_WHAT THE TASK ASKS_.
Every line below is to be set down again exactly; any image stays out.

_MATERIAL PROVIDED_.

--------------------------------------------------

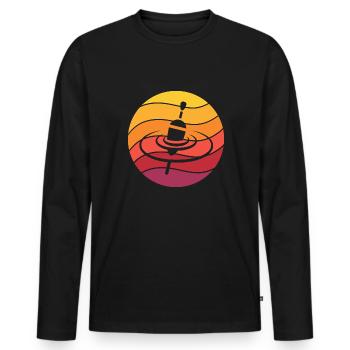 Pose Pêche Nageur Rétro Style Vintage - T-shirt manches longues Premium bio Homme - noir - Devant - Nico (187cm)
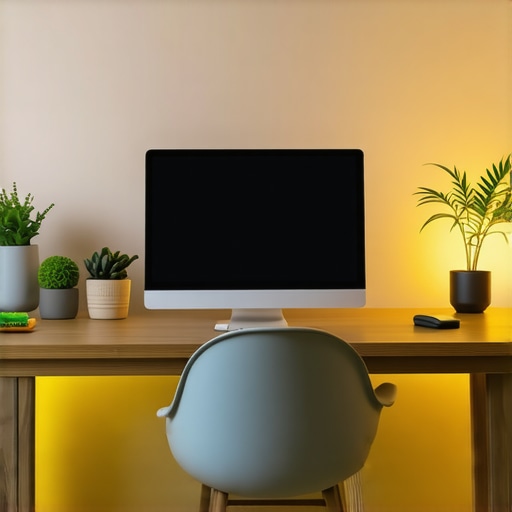 Contemporary home office illuminated with layered LED lighting including bias light and adjustable desk lamp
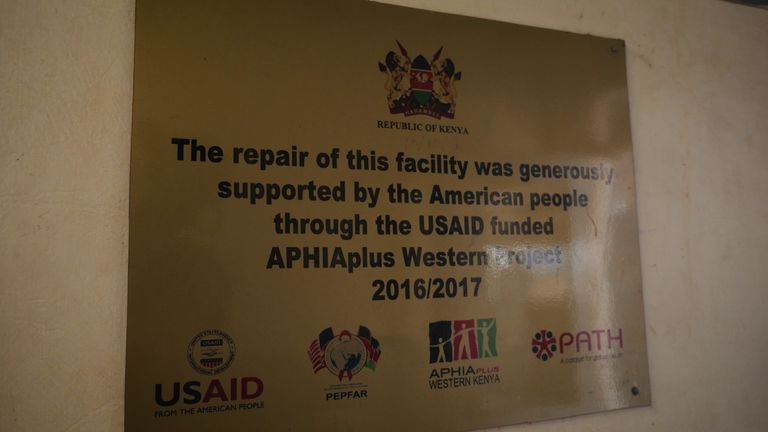 A sign thanking the American people in the hospital in Kisumu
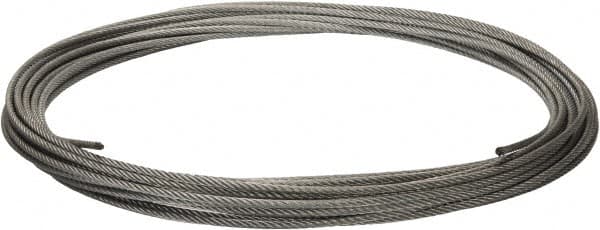 Value Collection - 1/4" Diam, Galvanized Steel Wire Rope - 7,000 Lb Breaking Strength, 7 x 19 Strand Core - Exact Tooling
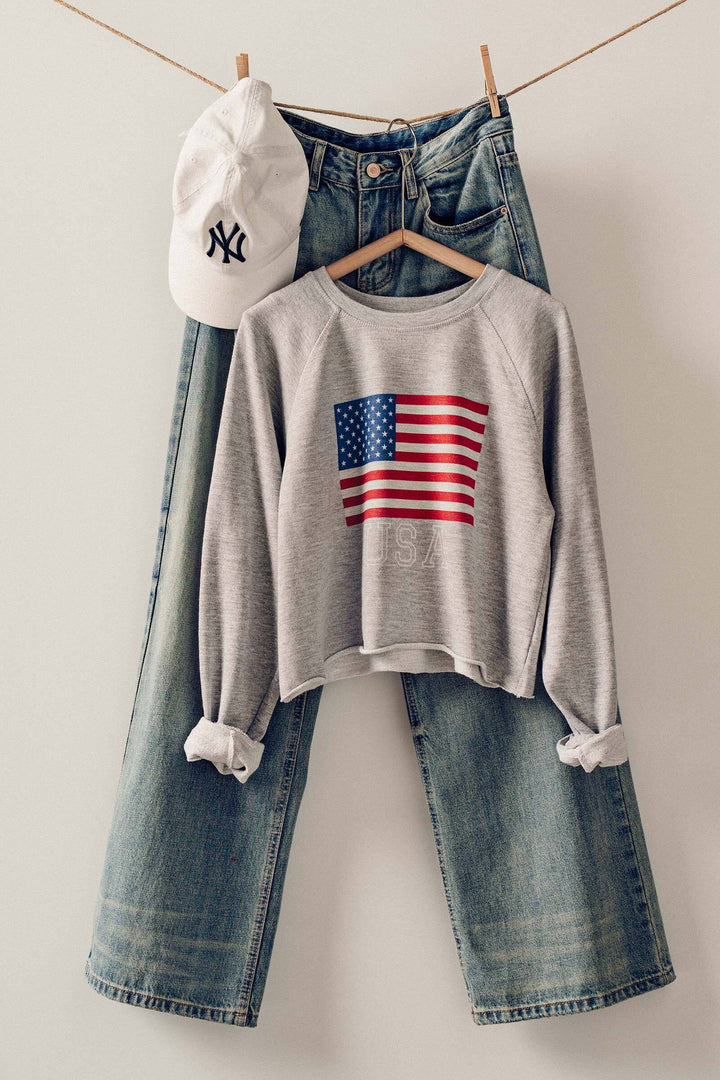 USA Flag Cropped Raglan Sweatshirt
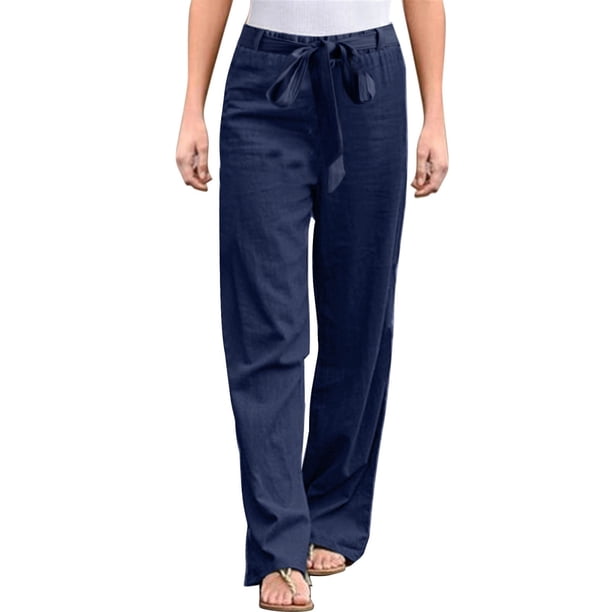 Pantalones anchos de algodón y lino para mujer: cintura alta elástica, cordón, transpirables, ropa informal para la oficina y la playa, tallas S-XXL, cintura de 66 a 88 cm.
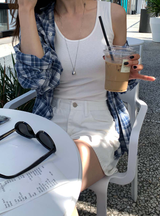 エブリンステッチーモダルUネックスリーブレス / 4カラーズ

--------------------------------------------------

_EXERCISE SOLUTION_.
 Pose Pêche Nageur Rétro Style Vintage - T-shirt manches longues Premium bio Homme - noir - Devant - Nico (187cm)
 Contemporary home office illuminated with layered LED lighting including bias light and adjustable desk lamp
 A sign thanking the American people in the hospital in Kisumu
 Value Collection - 1/4" Diam, Galvanized Steel Wire Rope - 7,000 Lb Breaking Strength, 7 x 19 Strand Core - Exact Tooling
 USA Flag Cropped Raglan Sweatshirt
 Pantalones anchos de algodón y lino para mujer: cintura alta elástica, cordón, transpirables, ropa informal para la oficina y la playa, tallas S-XXL, cintura de 66 a 88 cm.
 エブリンステッチーモダルUネックスリーブレス / 4カラーズ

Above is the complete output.